Send back every record word for word, with nothing missing.

* **Records from a dataset**
=-=-=-=-=

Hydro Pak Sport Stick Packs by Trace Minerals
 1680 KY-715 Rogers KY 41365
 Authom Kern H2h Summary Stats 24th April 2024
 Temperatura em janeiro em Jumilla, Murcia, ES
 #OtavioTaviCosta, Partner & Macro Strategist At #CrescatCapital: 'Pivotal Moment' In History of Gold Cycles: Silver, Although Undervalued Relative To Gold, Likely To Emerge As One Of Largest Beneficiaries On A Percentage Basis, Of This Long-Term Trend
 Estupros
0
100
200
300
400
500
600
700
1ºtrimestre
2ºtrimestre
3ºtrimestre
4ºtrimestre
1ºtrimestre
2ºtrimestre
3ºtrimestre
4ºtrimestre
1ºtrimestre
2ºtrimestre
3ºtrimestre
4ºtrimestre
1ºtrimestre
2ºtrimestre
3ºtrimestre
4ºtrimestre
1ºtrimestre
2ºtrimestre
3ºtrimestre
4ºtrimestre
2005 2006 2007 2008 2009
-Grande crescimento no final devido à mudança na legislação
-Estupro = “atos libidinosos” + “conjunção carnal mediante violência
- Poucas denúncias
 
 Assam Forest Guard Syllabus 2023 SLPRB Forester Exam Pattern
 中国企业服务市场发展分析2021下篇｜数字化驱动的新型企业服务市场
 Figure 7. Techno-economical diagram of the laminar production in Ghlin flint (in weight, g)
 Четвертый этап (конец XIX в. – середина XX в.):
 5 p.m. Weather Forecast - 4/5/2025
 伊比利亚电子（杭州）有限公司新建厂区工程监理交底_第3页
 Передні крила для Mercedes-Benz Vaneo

=-=-=-=-=

* **Result for this task**
Hydro Pak Sport Stick Packs by Trace Minerals
 1680 KY-715 Rogers KY 41365
 Authom Kern H2h Summary Stats 24th April 2024
 Temperatura em janeiro em Jumilla, Murcia, ES
 #OtavioTaviCosta, Partner & Macro Strategist At #CrescatCapital: 'Pivotal Moment' In History of Gold Cycles: Silver, Although Undervalued Relative To Gold, Likely To Emerge As One Of Largest Beneficiaries On A Percentage Basis, Of This Long-Term Trend
 Estupros
0
100
200
300
400
500
600
700
1ºtrimestre
2ºtrimestre
3ºtrimestre
4ºtrimestre
1ºtrimestre
2ºtrimestre
3ºtrimestre
4ºtrimestre
1ºtrimestre
2ºtrimestre
3ºtrimestre
4ºtrimestre
1ºtrimestre
2ºtrimestre
3ºtrimestre
4ºtrimestre
1ºtrimestre
2ºtrimestre
3ºtrimestre
4ºtrimestre
2005 2006 2007 2008 2009
-Grande crescimento no final devido à mudança na legislação
-Estupro = “atos libidinosos” + “conjunção carnal mediante violência
- Poucas denúncias
 
 Assam Forest Guard Syllabus 2023 SLPRB Forester Exam Pattern
 中国企业服务市场发展分析2021下篇｜数字化驱动的新型企业服务市场
 Figure 7. Techno-economical diagram of the laminar production in Ghlin flint (in weight, g)
 Четвертый этап (конец XIX в. – середина XX в.):
 5 p.m. Weather Forecast - 4/5/2025
 伊比利亚电子（杭州）有限公司新建厂区工程监理交底_第3页
 Передні крила для Mercedes-Benz Vaneo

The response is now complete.